O GIT foi criado por Linus Torvals e é de grande popularidade e utilidade. O Ricardo fez um pequeno tutorial de como instalar o GIT no Ubuntu, embora ainda vá ser retomado na próxima sessão. Haverá um tutorial na wiki sobre o Git e criação de chaves SSH.

Passo 1 – Instalar o GIT no local: sudo apt-get install git-core

Passo 2 – O repositório do GIT Transparência está em http://gitorious.org/transparencia-porto. Existe um help (?) com alguns comandos básicos.

Passo 3 – Cópia local usando o Git clone. No caso de ser uma sessão de trabalho de grupo, é possível fazer apenas um git clone local e todos os elementos acedem ao mesmo clone local. É óptimo sobretudo quando o repositório é grande.

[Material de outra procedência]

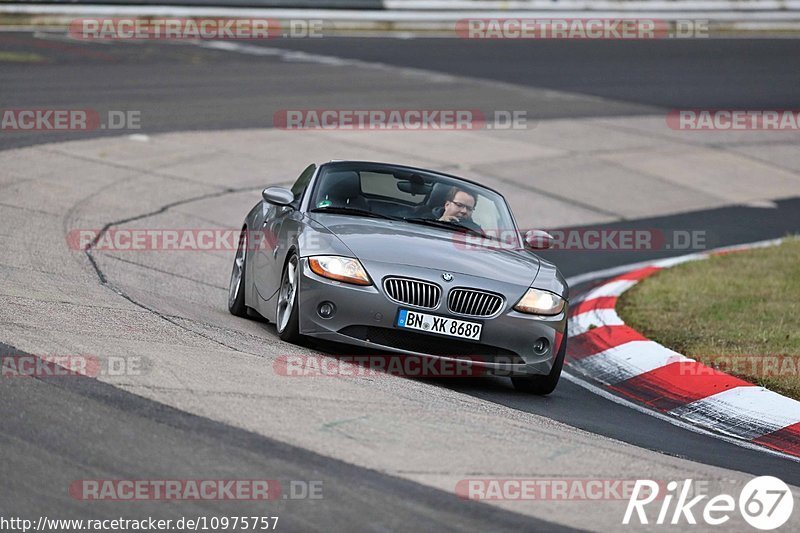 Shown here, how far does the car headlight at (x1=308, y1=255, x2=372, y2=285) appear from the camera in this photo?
8.27 m

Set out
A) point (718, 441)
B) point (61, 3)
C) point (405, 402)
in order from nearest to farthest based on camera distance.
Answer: point (405, 402)
point (718, 441)
point (61, 3)

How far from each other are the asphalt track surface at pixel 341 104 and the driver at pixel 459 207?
123 centimetres

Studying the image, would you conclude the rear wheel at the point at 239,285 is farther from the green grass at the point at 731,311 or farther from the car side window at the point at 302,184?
the green grass at the point at 731,311

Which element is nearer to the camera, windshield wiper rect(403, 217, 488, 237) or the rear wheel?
windshield wiper rect(403, 217, 488, 237)

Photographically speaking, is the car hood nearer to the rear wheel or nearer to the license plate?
the license plate

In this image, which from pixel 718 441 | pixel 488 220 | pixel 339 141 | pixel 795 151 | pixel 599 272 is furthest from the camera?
pixel 795 151

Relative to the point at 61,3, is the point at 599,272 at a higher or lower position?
lower

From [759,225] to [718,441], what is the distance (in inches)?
411

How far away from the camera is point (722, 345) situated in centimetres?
1035

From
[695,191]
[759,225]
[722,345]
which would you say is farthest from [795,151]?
[722,345]

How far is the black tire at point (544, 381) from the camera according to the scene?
873cm

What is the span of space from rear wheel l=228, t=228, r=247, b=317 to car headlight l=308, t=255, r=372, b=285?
1.88 m

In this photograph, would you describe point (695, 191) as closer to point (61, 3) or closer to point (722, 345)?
point (722, 345)

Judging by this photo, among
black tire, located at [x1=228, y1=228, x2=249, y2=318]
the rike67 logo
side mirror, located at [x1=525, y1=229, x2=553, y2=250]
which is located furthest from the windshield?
the rike67 logo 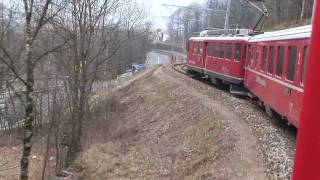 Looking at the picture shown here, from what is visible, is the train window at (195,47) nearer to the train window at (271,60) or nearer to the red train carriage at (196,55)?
the red train carriage at (196,55)

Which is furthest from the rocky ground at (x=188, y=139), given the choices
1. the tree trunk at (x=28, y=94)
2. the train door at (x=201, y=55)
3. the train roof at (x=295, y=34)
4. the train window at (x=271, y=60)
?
the tree trunk at (x=28, y=94)

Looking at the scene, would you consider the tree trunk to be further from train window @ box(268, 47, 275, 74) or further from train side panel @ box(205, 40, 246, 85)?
train side panel @ box(205, 40, 246, 85)

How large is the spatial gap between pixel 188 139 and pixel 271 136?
5.17 meters

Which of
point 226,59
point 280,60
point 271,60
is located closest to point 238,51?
point 226,59

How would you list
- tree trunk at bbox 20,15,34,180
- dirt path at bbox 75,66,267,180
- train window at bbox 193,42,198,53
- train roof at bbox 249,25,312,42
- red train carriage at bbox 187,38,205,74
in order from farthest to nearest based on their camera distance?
train window at bbox 193,42,198,53 < red train carriage at bbox 187,38,205,74 < tree trunk at bbox 20,15,34,180 < dirt path at bbox 75,66,267,180 < train roof at bbox 249,25,312,42

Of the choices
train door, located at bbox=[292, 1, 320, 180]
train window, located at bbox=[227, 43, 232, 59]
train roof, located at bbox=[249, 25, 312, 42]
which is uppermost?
train door, located at bbox=[292, 1, 320, 180]

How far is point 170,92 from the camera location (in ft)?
93.4

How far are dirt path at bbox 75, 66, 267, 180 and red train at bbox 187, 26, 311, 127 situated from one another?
1.22 metres

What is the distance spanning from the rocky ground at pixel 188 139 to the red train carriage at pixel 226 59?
79cm

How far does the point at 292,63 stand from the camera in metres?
10.8

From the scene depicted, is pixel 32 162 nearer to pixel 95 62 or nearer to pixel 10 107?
pixel 95 62

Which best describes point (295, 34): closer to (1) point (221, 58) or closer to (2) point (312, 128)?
(2) point (312, 128)

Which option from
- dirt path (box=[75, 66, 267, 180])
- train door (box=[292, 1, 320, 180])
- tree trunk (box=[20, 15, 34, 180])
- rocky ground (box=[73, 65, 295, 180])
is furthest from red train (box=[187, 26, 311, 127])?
tree trunk (box=[20, 15, 34, 180])

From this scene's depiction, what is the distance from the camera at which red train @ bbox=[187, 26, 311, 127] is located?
996 cm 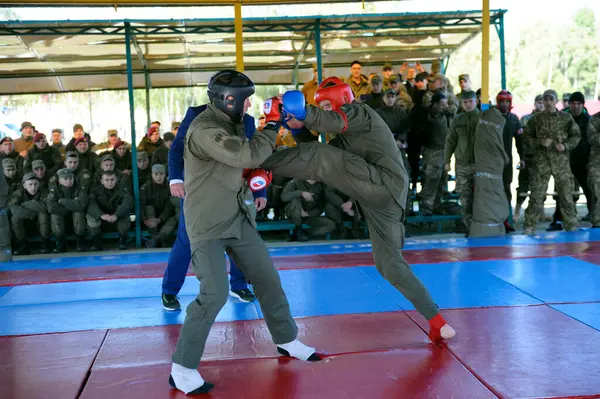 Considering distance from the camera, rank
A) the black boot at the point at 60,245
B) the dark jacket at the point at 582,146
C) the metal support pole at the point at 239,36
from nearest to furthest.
Answer: the metal support pole at the point at 239,36 → the black boot at the point at 60,245 → the dark jacket at the point at 582,146

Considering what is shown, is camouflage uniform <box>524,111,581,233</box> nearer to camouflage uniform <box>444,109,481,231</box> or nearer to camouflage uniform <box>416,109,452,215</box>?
camouflage uniform <box>444,109,481,231</box>

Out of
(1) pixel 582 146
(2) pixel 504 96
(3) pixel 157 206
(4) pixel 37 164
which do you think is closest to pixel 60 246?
(4) pixel 37 164

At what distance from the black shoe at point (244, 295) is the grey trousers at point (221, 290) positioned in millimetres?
1744

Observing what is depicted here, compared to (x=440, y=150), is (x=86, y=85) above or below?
above

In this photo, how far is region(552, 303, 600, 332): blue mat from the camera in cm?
493

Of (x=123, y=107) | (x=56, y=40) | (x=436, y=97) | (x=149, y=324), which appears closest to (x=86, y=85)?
(x=123, y=107)

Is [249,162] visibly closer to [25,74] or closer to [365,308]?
[365,308]

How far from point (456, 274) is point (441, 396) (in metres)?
3.40

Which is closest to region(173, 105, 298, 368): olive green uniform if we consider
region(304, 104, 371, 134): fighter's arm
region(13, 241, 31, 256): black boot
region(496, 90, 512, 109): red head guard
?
region(304, 104, 371, 134): fighter's arm

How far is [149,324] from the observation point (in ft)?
17.4

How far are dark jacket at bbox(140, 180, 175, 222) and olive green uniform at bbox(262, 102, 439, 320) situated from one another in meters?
5.83

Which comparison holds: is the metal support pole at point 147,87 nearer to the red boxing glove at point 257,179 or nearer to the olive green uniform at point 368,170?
the olive green uniform at point 368,170

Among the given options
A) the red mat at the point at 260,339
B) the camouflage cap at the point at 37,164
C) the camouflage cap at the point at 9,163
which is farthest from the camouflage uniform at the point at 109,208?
the red mat at the point at 260,339

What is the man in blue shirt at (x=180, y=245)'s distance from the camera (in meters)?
5.12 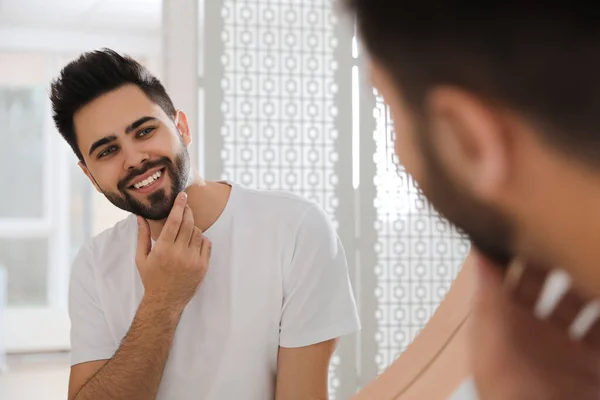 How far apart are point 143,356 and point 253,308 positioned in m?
0.20

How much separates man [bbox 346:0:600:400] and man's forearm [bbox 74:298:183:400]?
922 millimetres

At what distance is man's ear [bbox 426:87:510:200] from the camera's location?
15cm

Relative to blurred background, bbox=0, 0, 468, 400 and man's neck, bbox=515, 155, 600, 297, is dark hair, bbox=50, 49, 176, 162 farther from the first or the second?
man's neck, bbox=515, 155, 600, 297

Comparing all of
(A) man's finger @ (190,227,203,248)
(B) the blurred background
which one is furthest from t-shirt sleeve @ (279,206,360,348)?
(B) the blurred background

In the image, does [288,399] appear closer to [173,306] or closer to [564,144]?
[173,306]

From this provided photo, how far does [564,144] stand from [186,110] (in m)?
1.95

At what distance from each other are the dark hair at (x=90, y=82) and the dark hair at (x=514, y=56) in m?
1.06

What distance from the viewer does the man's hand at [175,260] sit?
103 cm

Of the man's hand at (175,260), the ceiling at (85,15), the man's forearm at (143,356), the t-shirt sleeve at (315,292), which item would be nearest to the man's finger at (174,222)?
the man's hand at (175,260)

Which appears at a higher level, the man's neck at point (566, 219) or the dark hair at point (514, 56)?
the dark hair at point (514, 56)

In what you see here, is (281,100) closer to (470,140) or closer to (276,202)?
(276,202)

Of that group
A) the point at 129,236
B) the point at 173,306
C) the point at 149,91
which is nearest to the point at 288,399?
the point at 173,306

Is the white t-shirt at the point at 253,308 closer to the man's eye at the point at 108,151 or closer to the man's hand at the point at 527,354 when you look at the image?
the man's eye at the point at 108,151

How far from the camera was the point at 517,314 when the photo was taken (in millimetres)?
186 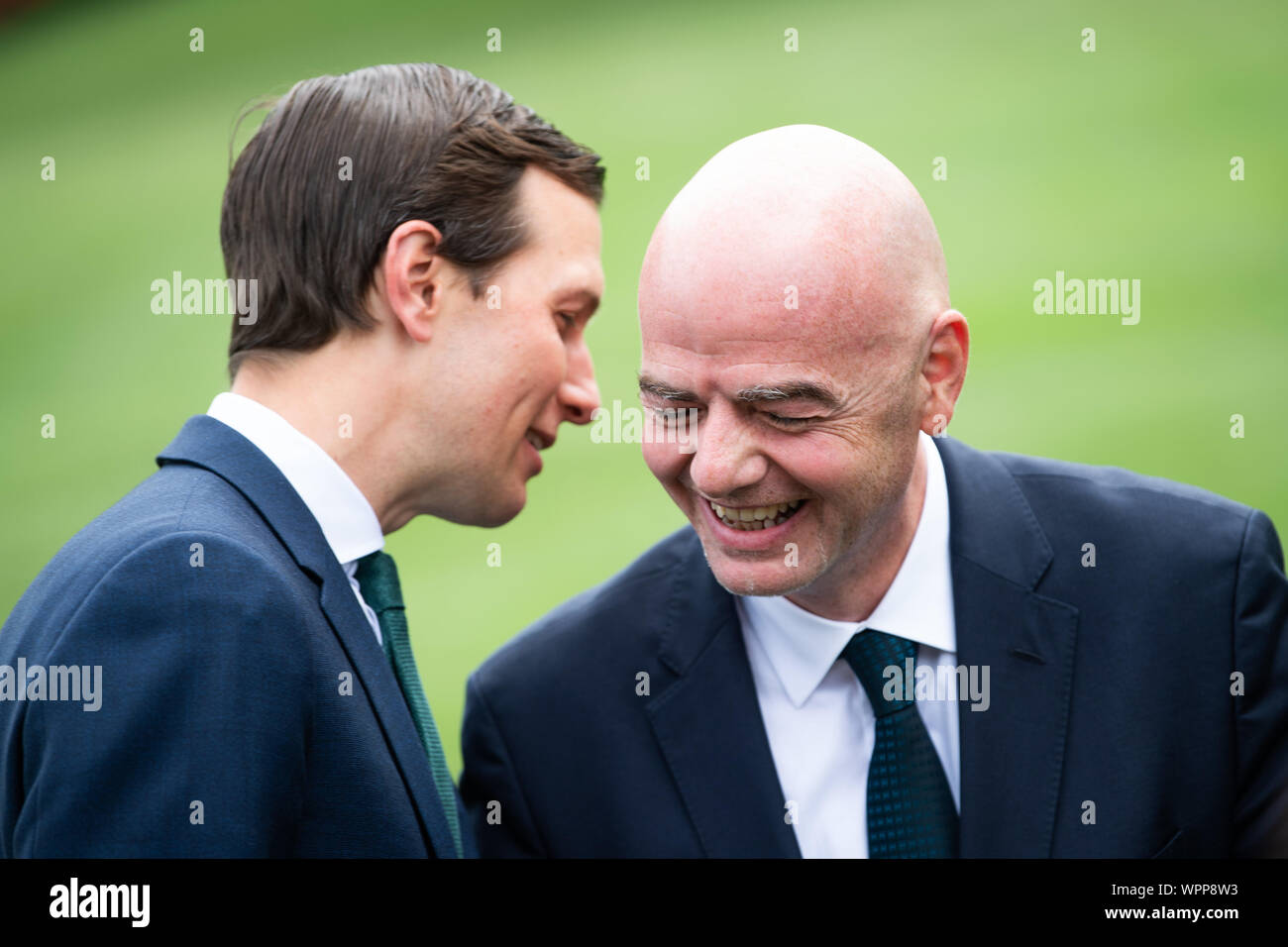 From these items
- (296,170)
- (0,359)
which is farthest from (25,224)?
(296,170)

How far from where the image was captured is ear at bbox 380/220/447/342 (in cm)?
277

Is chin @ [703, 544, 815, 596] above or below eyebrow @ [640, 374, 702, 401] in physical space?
below

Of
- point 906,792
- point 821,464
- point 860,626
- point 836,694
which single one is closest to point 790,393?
point 821,464

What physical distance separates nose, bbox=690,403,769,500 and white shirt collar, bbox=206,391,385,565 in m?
0.65

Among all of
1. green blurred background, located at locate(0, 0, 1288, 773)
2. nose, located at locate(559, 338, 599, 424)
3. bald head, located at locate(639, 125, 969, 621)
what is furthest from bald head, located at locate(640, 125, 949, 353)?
green blurred background, located at locate(0, 0, 1288, 773)

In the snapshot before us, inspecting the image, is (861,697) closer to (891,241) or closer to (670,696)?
(670,696)

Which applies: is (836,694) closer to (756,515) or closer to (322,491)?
(756,515)

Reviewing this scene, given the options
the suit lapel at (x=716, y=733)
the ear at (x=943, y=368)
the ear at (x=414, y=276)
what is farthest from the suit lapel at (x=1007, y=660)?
the ear at (x=414, y=276)

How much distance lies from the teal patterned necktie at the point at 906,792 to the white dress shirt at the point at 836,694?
0.12ft

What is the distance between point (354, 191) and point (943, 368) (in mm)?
1148

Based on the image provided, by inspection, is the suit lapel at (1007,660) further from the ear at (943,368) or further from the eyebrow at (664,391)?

  • Clicar “clone repository”
  • Usar comando: git clone git://gitorius.org/transparencia-porto/transparencia-porto.git

Principais comandos

  • git status – indica a estado do repositório
  • git add file – acrescenta ficheiro ao repositório localmente
  • History – guarda os ficheiros e toda a história de revisões
  • git commit – adiciona os repositório, ter o cuidado de pôr a info. Ex. git commit -m “Comentário entre aspas”
  • git diff – assinala as diferenças
  • git push origin master – vai buscar ficheiro que já existe no repositório

Tarefas várias

Ricardo – Colocou os textos das sessões parlamentares no Gitorius para se trabalhar. O volume é considerável 60MB. Para notificar erros detectados será criado um link na wiki, já que o Gitorious não tem Bug tracker.

Eduardo – Preparou a lista de links directos para os diários de república obtida com um script em python. Esse é um dos primeiros produtos do trabalho já realizado. O aspecto visual ainda não foi trabalhado, mas o conteúdo e a acessibilidade da solução já estão asseguradas.

Ana – Ocupou-se da criação da homepage para o projecto em Html com folha de estilos para começar a criar identidade e a “mostrar trabalho”. A ideia é colocar a homepage na raiz transparencia.hacklaviva.net, deslocando o blog para transparencia.hacklaviva.net/blog. Da sessão já resultou uma página muito simples que vai ter informação básica do projecto. Esse trabalho está no Gitorious, bem o svg usado, para quem desejar fazer experiências e propor alterações. Ainda vai ser trabalhado um logo.

Victor – No parlamento.pt obtém-se o dado de nº de deputados por legislatura de cada um dos partidos. Porque não existe uma coincidência numérica entre o nº de deputados realmente eleitos e os deputados que exercem, procurou-se junto da CNE (Comissão nacional de Eleições) informação complementar que desse maior consistência na análise dos números do Parlamento. Assim, começou-se por criar um ficheiro com os resultados detalhados das legislativas (não inclui as últimas eleições legislativas), algo relativamente simples, porque a CNE tem essa informação em Excel . De seguida, recorreu-se aos Mapa oficial das eleições (em pdf!) que listam nominalmente os deputados eleitos. O objectivo desta recolha é identificar do total dos deputados que exerceram aqueles que foram realmente eleitos.

Cláudia + Tiago – Confirmado o funcionamento do Node import para criação de nodes dos deputados a partir de um único csv. Os campos a incluir são todos os respeitantes ao deputado (id, nome, profissão, distritos, legislaturas, partidos, cargos exercidos). Os campos multivalor são separados por |.